A plausible reply to this objection is that the word may have got corrupted almost ab
initio in those unlettered days; and the earliest quotation of Beefeater, already adduced, is above 150
years from the institution of the force, and even then the allusions are either satirical or humorous: as
Begone, yee greedy beefe-eaters, y' are best (Histriomastix, iii. 1; A.D. 1610); Bows, or Beefeaters, as
the French were pleased to terme us (1628); You beef-eater, you saucy cur (1671). Not one of the
quotations fixes the word on the Yeomen of the Guard, and that the English have been called Beefeaters
none will deny. Even if the allusion given above could be certainly affixed to Yeomen of the Guard it
would only prove that 150 or 160 years after their establishment in the palace they were so called (corruptly,
humorously or otherwise).
Arguments in favour of the old derivations: -
(1) Certainly Henry VII.
himself did not call these yeomen beef-eaters. He was as much French as Welsh, and must have
been familiar with the buffet (bu-fey); he had no spark of humour in his constitution, and it is extremely
doubtful whether beef was a standing dish at the time, certainly it was not so in Wales. We have a good
number of menus extant of the period, but beef does not appear in any of them.
(2) We have a host of
similar corruptions in our language, as Andrew Macs (q.v.), Billy-ruffians (see Bellerophon), Bull and
Mouth (q.v.), Charles's Wain (q.v.), Bag-o'-Nails, Goat and Compasses, Sparrow-grass (asparagus),
ancient (ensign), lutestring (lustring, from lustre), Dog-cheap (god-kepe, i.e. a good bargain), and
many more of the same sort.
(3) There can be no doubt that the beefeaters waited at the royal table,
for in 1602 we read that the dishes were brought in by the halberdiers [beefeaters], who are fine, big
fellows (quoted in Notes and Queries, February 4th, 1893, p. 86).

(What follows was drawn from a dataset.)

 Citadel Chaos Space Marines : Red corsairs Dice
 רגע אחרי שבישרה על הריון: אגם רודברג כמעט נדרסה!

(4) If beef was a general food in the
sixteenth century, which is extremely doubtful, it would be supremely ridiculous to call a few yeomen
eaters of beef, unless beef was restricted to them. In the present Argentine Republic, beef dried, called
jerked beef, is the common diet, and it would be foolish indeed to restrict the phrase eaters of jerked
beef to some halfscore waiters at the President's table.